▶ [TASK OBJECTIVE]: Transcribe only the part of the material below that begins at the line containing "Golden sparkles and" and ends at the line containing "Slide: The Image", with both kept and images left out.
<<<<
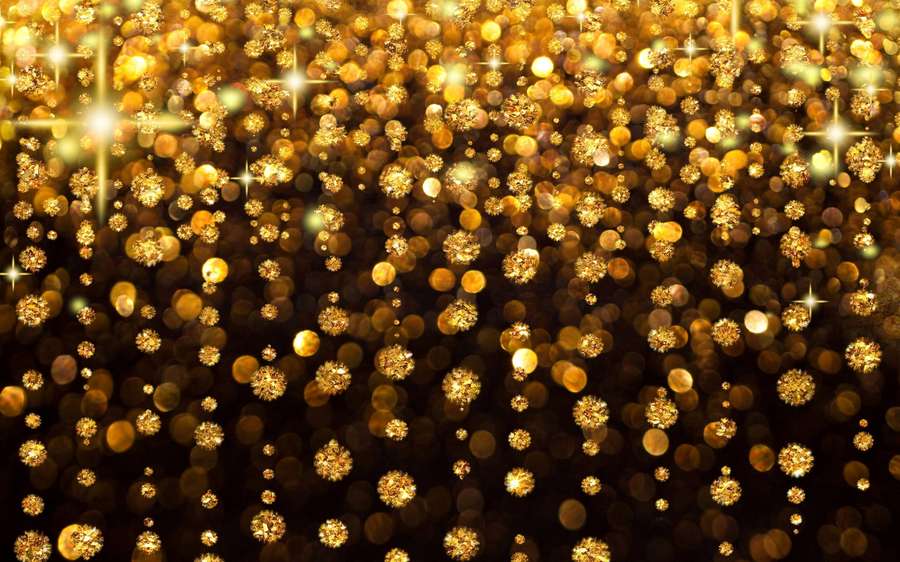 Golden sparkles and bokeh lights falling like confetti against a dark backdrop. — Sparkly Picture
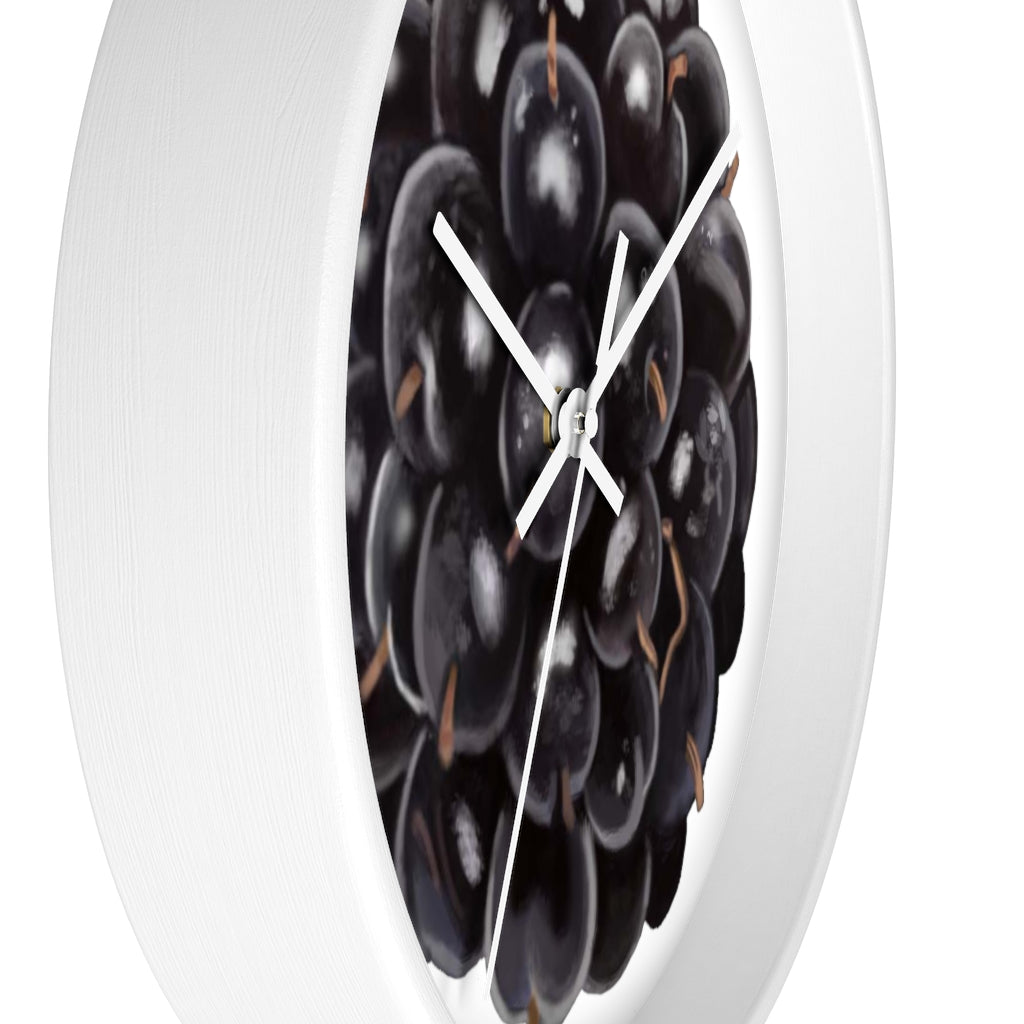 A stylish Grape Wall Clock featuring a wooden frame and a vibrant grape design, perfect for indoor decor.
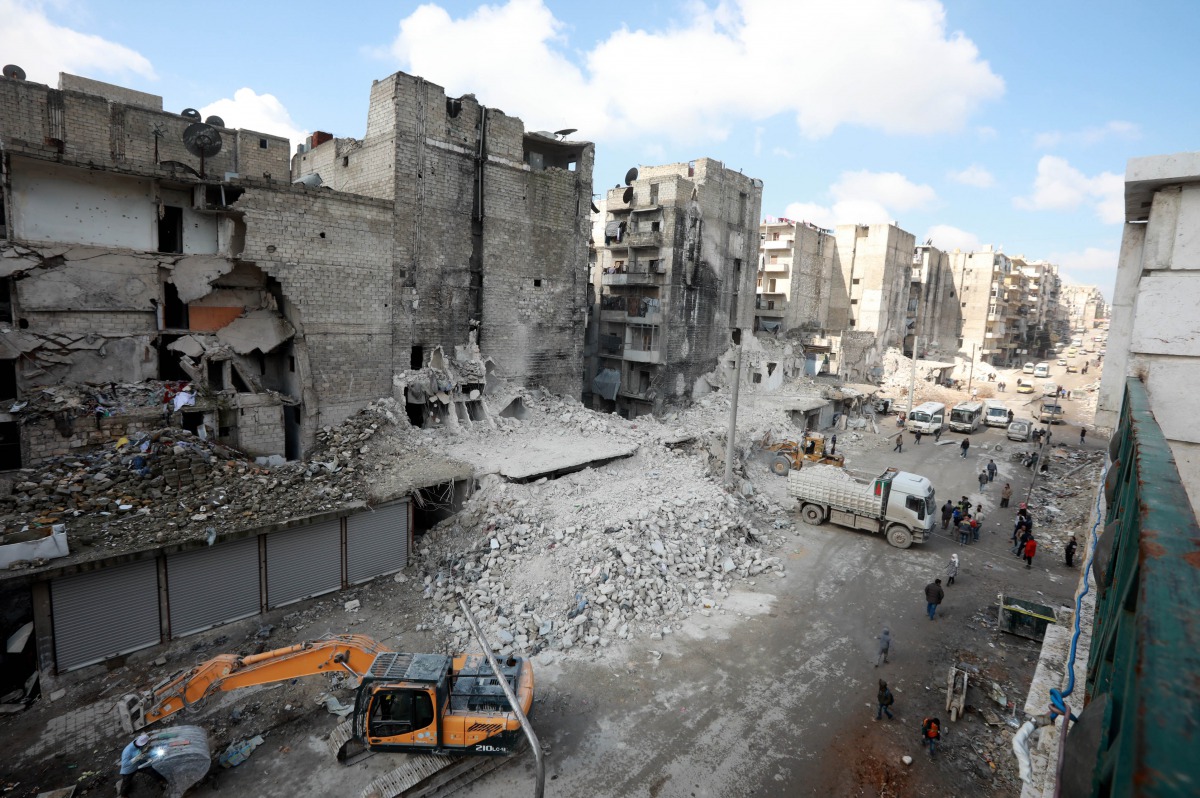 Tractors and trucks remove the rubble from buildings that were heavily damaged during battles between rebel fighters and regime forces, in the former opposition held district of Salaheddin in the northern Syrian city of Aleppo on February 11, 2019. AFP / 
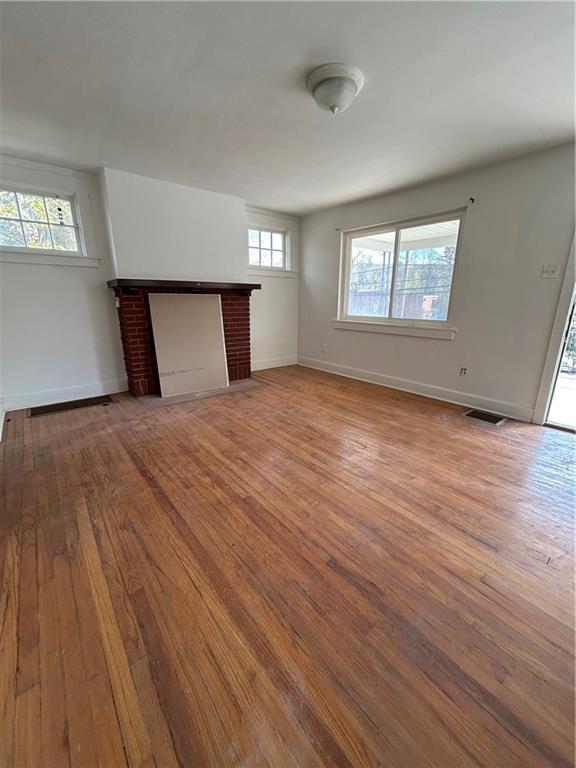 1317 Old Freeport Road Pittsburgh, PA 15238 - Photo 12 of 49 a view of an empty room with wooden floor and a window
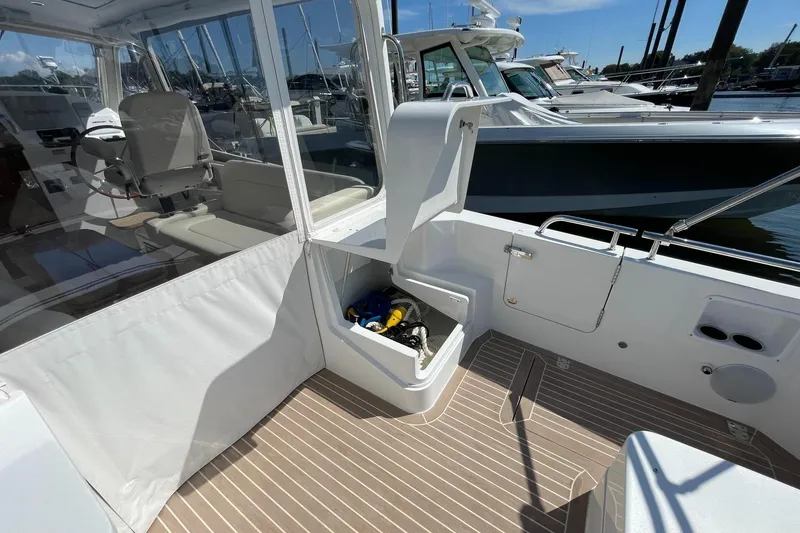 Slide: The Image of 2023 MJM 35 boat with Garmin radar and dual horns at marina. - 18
>>>>
<<<<
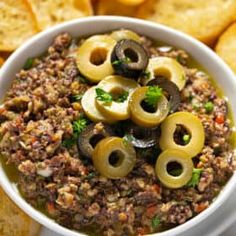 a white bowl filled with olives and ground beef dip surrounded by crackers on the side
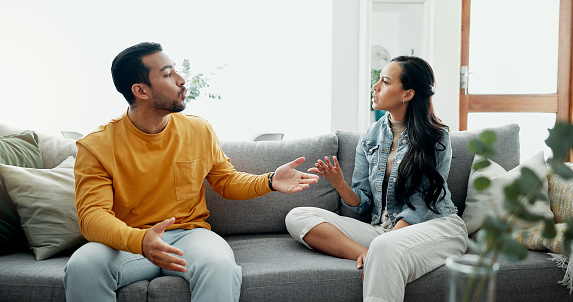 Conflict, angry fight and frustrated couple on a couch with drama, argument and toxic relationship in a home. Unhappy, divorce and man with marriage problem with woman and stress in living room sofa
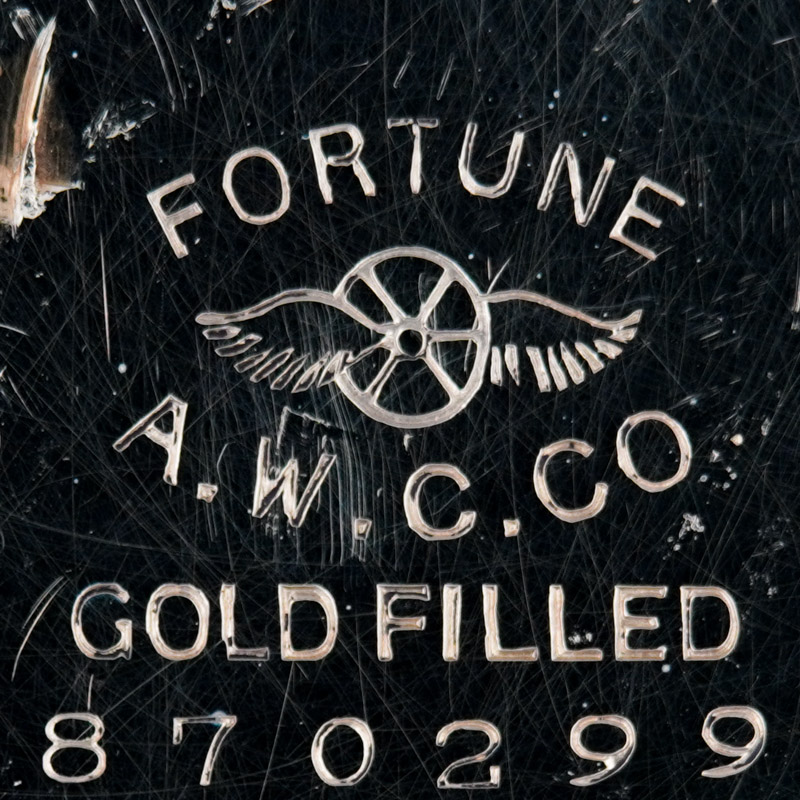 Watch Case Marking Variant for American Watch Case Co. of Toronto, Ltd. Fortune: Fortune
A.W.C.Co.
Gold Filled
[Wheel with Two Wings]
>>>>
▶ [ANSWER FOR THIS EXERCISE]:
 Golden sparkles and bokeh lights falling like confetti against a dark backdrop. — Sparkly Picture
 A stylish Grape Wall Clock featuring a wooden frame and a vibrant grape design, perfect for indoor decor.
 Tractors and trucks remove the rubble from buildings that were heavily damaged during battles between rebel fighters and regime forces, in the former opposition held district of Salaheddin in the northern Syrian city of Aleppo on February 11, 2019. AFP / 
 1317 Old Freeport Road Pittsburgh, PA 15238 - Photo 12 of 49 a view of an empty room with wooden floor and a window
 Slide: The Image of 2023 MJM 35 boat with Garmin radar and dual horns at marina. - 18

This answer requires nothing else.